WHAT THIS TASK INVOLVES
Only a number is wanted here. Tally the lines of the data that contain "Popcorn".
━━━━━ DATASET
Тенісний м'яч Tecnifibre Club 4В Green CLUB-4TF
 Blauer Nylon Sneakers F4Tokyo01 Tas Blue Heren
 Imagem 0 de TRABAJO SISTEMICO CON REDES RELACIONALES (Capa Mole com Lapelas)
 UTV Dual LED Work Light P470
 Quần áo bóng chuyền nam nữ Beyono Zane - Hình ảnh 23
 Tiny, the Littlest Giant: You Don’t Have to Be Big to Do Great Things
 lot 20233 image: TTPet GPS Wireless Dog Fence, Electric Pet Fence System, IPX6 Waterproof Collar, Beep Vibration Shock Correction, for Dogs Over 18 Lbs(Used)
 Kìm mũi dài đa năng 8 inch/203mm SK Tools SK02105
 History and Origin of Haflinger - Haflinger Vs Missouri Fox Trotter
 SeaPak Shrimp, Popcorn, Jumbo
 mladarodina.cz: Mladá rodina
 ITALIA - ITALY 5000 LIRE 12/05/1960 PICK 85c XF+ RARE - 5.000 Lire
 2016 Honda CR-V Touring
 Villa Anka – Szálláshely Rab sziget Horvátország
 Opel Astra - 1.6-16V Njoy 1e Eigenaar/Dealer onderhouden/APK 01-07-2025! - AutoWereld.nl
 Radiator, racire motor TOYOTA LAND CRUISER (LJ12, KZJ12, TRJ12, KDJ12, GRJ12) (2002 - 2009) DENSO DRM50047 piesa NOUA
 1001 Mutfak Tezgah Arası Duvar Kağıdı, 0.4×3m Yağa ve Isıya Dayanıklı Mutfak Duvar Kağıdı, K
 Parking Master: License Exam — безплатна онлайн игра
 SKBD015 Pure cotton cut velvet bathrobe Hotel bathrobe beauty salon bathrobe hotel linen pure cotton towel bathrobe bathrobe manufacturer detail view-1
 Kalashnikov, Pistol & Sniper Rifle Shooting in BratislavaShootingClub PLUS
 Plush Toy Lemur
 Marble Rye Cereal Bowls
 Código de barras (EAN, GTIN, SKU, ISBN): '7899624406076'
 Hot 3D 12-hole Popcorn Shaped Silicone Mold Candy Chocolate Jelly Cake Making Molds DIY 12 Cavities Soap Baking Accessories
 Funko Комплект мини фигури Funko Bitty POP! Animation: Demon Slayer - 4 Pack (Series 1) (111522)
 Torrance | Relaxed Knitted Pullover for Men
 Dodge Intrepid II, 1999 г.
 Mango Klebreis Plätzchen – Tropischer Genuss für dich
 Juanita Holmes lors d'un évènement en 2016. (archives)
━━━━━━━━━━
ANSWER BOX
2